LakeShore Biopharma Co., Ltd, a global biopharmaceutical company focused on vaccines and therapeutic biologics for infectious diseases and cancer, announced today the completion of its going private transaction. The merger with Oceanpine Merger Sub Inc., a wholly owned subsidiary of Oceanpine Skyline Inc., was finalized on June 24, 2026, marking the end of the company’s status as a publicly traded entity.
Under the terms of the merger agreement, which was approved by shareholders at an extraordinary general meeting on June 19, 2026, each ordinary share of LakeShore Biopharma was canceled and converted into the right to receive $0.066 in cash, net of applicable withholding taxes. Shareholders entitled to the merger consideration will receive instructions from the paying agent on how to surrender their shares for payment.
The company plans to suspend its reporting obligations under the Securities Exchange Act of 1934 by filing a Form 15 with the U.S. Securities and Exchange Commission (SEC). This will effectively halt the company’s requirement to file reports such as Form 20-F and Form 6-K, with obligations ceasing once deregistration becomes effective. Additionally, the company has filed with the Financial Industry Regulatory Authority (FINRA) to remove its trading symbols from the OTC Pink tier of the OTC Markets. However, removal may take several trading days, and the company warns that any trades executed after the merger’s completion but before removal will be invalid, as the underlying securities no longer exist.

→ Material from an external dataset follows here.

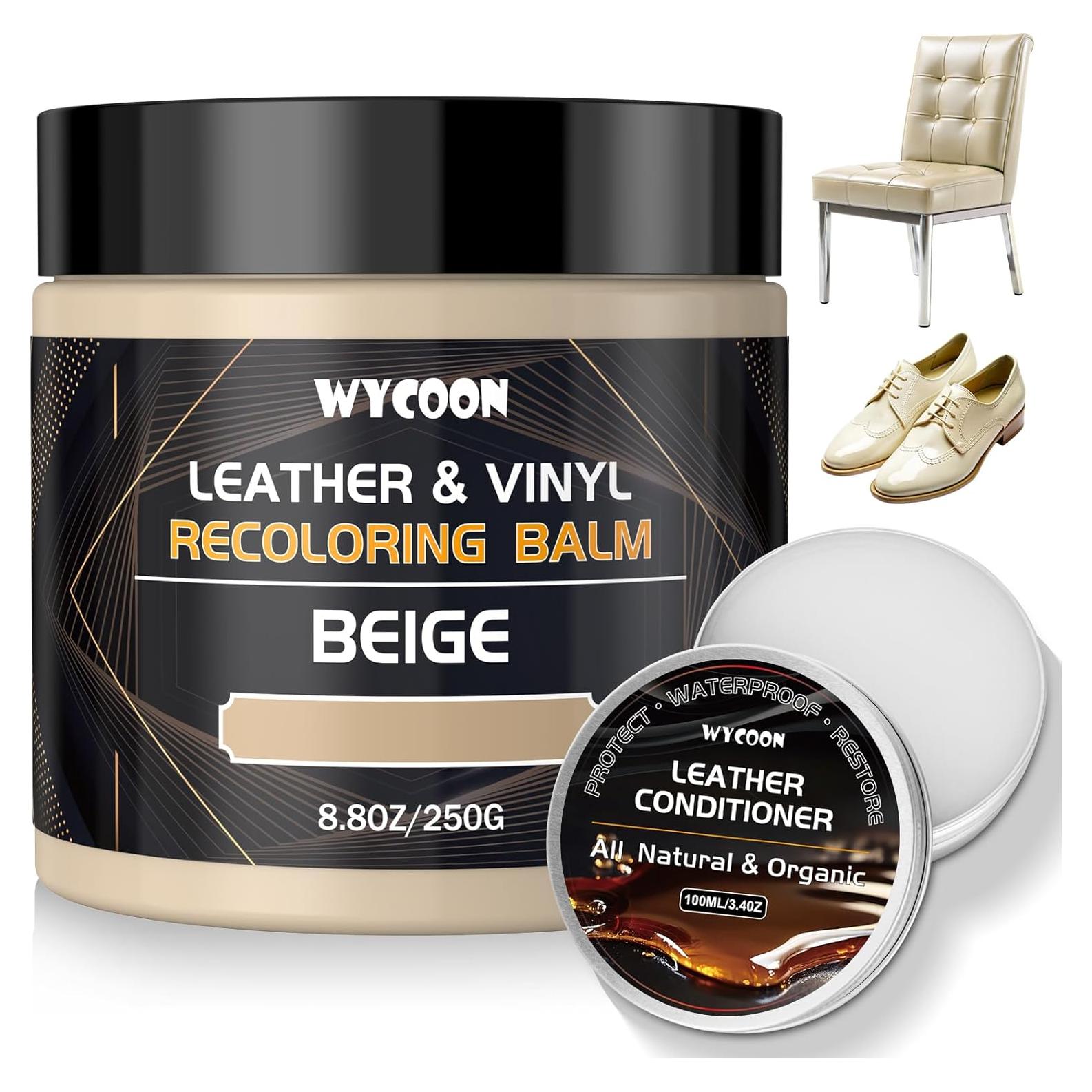 Kit de Reparación de Cuero WYCOON 100ml Beige - Acondicionador y Tinte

The decision to go private comes after a period of strategic evaluation, with a special committee of independent directors formed to assess the proposal. Kroll, LLC served as financial advisor to the special committee, with Gibson, Dunn & Crutcher LLP and Maples and Calder (Hong Kong) LLP providing legal counsel. White & Case LLP represented the buyer group.
This move has significant implications for LakeShore Biopharma and its shareholders. By going private, the company can focus on long-term strategic goals without the quarterly earnings pressures and regulatory burdens of being a public company. For investors, the transaction provides a clear exit at a fixed price, but also ends any potential for future gains from public trading. The company’s stock, previously listed on the OTC markets under symbols LSBCF and LSBWF, will cease trading, and shareholders must follow the surrender process to receive payment.
LakeShore Biopharma, formerly known as YS Biopharma, has developed a proprietary PIKA immunomodulating technology platform and a range of preventive and therapeutic biologics targeting rabies, hepatitis B, influenza, and other viral infections. The company operates in China, Singapore, and the Philippines. For more information about the company, visit https://investors.lakeshorebio.com/.
The completion of this transaction underscores a trend of biopharmaceutical companies opting for private ownership to streamline operations and focus on research and development away from the public eye. As LakeShore Biopharma transitions to a private entity, it remains to be seen how this change will impact its pipeline and future partnerships.